- _DATASET EXCERPT_
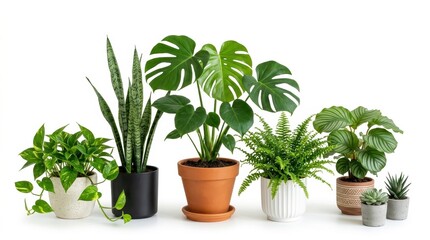 Obraz premium Lush indoor houseplants in ceramic pots, collection of tropical green potted plants, monstera and snake plant home decor on white background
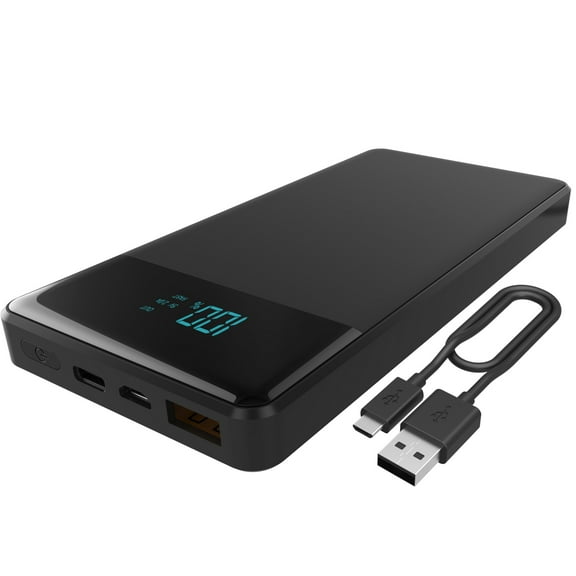 Power Bank [12000 mAH PD-18W Power Delivery Charger],Portable Charger Support Samsung, LG, iPhone & USB Type-C Laptops MacBook, Ninento Switch Matte Black -LED INDICATOR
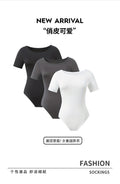 girl's one-piece jumpsuit, european and american style, round neck, short-sleeved, black, white, and gray color block base layer top, children's yoga outfit three-piece set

- _EXERCISE GOAL_
Given the listing above, return exactly, and only, the lines from the line with "Power Bank [12000" through its final line, both included, with the pictures removed.

- _RESPONSE TO THIS EXERCISE_
 Power Bank [12000 mAH PD-18W Power Delivery Charger],Portable Charger Support Samsung, LG, iPhone & USB Type-C Laptops MacBook, Ninento Switch Matte Black -LED INDICATOR
 girl's one-piece jumpsuit, european and american style, round neck, short-sleeved, black, white, and gray color block base layer top, children's yoga outfit three-piece set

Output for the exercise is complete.